What this task involves
Give back, word for word, the lines in the listing below from the one holding "Load image into" down to the one holding "Fob factory denim", both ends included.

Provided entries
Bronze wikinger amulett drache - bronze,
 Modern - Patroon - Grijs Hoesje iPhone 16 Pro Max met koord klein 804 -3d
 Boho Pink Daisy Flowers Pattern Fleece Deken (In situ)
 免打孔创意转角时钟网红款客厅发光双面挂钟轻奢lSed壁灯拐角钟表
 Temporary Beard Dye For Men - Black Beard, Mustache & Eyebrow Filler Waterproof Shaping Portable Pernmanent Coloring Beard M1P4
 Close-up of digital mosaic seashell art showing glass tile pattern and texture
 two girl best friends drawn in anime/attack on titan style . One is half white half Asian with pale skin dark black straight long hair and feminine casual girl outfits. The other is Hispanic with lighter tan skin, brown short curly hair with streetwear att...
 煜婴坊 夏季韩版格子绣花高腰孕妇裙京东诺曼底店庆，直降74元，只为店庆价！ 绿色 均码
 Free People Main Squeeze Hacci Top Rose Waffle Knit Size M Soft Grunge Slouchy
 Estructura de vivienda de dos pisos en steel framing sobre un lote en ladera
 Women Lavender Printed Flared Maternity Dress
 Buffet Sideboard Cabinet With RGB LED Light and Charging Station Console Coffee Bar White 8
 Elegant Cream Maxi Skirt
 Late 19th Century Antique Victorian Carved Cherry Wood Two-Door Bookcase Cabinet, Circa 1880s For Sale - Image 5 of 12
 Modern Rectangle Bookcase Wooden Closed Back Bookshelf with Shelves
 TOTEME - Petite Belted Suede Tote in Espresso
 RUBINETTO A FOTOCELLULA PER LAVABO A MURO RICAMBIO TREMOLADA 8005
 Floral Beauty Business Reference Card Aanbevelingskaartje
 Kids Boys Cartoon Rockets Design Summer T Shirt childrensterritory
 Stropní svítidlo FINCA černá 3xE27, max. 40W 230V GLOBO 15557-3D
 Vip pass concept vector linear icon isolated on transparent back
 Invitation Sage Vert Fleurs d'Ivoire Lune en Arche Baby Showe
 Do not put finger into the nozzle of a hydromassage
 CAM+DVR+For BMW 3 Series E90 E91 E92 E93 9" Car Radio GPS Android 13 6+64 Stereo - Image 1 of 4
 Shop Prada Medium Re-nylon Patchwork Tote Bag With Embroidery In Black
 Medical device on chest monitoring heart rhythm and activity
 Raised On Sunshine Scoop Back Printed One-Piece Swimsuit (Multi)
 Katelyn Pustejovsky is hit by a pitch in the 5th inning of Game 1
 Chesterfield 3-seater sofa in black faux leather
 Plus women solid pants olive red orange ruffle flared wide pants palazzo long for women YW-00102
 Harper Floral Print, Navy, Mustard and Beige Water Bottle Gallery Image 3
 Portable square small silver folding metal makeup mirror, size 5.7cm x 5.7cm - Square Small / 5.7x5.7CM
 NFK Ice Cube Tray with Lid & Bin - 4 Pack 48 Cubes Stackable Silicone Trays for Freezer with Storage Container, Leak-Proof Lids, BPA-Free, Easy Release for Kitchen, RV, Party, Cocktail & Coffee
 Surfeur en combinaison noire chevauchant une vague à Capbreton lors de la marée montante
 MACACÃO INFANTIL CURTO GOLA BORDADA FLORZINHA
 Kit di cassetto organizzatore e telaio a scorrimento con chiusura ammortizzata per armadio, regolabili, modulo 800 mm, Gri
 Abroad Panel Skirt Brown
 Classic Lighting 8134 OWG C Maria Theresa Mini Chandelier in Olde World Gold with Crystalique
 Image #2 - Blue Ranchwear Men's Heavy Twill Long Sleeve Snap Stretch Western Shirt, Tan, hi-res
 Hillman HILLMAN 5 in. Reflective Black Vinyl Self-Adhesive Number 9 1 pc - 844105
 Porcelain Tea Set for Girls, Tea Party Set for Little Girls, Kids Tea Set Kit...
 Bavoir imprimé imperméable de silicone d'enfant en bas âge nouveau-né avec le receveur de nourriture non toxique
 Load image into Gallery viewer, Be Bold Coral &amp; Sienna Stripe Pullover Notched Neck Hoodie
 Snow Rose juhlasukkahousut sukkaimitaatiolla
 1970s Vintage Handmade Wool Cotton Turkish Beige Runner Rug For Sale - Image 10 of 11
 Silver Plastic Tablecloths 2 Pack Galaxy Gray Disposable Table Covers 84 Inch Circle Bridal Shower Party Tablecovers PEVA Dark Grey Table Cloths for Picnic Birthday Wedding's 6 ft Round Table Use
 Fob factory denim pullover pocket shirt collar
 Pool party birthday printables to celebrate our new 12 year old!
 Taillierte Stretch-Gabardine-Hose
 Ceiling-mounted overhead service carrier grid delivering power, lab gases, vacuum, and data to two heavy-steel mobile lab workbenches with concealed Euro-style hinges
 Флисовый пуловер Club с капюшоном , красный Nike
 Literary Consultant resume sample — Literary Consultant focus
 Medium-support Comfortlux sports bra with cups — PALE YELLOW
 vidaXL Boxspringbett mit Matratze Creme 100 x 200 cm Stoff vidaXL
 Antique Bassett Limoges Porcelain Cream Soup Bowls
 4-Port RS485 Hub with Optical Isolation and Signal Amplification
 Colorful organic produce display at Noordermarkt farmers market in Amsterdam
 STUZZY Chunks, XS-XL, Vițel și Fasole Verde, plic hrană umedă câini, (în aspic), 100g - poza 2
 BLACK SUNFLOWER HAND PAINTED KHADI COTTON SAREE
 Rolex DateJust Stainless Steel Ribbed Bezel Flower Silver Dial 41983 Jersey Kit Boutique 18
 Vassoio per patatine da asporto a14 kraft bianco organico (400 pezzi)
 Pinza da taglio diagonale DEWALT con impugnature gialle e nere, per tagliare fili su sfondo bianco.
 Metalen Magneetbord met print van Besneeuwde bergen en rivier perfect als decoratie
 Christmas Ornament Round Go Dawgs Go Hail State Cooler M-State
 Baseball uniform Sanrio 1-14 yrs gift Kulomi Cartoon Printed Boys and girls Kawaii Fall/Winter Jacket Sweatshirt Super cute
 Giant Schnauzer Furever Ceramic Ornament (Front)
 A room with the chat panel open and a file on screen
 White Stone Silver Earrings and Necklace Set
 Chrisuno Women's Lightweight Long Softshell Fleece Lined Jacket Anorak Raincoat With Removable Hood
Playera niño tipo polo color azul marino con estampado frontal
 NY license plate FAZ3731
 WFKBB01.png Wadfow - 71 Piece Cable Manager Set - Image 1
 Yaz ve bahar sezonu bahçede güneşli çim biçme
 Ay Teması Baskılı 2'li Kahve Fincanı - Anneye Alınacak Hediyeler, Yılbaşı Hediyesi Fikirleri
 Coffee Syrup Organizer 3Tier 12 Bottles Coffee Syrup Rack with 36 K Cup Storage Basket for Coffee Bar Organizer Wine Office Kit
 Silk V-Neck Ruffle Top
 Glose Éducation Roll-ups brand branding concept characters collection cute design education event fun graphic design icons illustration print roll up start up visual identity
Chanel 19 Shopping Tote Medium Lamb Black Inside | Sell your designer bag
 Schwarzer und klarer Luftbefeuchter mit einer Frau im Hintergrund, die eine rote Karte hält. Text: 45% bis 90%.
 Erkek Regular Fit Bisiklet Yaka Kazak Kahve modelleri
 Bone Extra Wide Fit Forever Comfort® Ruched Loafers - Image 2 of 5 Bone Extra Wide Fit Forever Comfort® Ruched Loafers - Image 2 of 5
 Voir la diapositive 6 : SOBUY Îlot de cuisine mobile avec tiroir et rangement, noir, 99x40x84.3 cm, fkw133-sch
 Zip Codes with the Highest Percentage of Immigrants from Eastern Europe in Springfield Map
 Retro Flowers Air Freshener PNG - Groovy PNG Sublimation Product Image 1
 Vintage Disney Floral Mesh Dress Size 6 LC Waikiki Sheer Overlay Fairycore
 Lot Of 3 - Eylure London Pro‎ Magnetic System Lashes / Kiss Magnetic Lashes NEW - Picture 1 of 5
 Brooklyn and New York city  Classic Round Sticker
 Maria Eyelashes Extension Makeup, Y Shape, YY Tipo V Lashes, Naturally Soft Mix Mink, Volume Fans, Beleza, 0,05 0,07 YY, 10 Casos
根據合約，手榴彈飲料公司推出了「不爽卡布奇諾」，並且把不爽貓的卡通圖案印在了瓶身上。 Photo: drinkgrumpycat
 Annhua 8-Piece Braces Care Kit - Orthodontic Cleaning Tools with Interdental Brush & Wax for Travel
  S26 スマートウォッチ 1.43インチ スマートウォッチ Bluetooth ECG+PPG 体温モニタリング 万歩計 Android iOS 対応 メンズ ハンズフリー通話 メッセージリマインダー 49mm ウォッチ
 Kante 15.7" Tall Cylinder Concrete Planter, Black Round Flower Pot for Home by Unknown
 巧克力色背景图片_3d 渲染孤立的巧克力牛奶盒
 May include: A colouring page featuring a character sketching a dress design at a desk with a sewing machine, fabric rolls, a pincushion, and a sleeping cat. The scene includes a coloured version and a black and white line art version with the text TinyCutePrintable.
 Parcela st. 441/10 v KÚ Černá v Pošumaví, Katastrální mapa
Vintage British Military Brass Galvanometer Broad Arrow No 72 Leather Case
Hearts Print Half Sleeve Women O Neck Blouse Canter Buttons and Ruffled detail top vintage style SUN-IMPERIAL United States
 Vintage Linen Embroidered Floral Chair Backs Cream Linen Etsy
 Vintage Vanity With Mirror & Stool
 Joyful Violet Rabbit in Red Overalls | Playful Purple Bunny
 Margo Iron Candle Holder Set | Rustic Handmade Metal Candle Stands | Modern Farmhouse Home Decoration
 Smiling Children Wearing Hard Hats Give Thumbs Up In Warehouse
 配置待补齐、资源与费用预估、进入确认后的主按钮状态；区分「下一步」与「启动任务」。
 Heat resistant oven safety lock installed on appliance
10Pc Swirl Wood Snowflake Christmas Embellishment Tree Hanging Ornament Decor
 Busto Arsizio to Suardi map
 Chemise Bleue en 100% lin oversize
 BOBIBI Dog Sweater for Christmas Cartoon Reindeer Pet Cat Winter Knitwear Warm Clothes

Result of the task
 Load image into Gallery viewer, Be Bold Coral &amp; Sienna Stripe Pullover Notched Neck Hoodie
 Snow Rose juhlasukkahousut sukkaimitaatiolla
 1970s Vintage Handmade Wool Cotton Turkish Beige Runner Rug For Sale - Image 10 of 11
 Silver Plastic Tablecloths 2 Pack Galaxy Gray Disposable Table Covers 84 Inch Circle Bridal Shower Party Tablecovers PEVA Dark Grey Table Cloths for Picnic Birthday Wedding's 6 ft Round Table Use
 Fob factory denim pullover pocket shirt collar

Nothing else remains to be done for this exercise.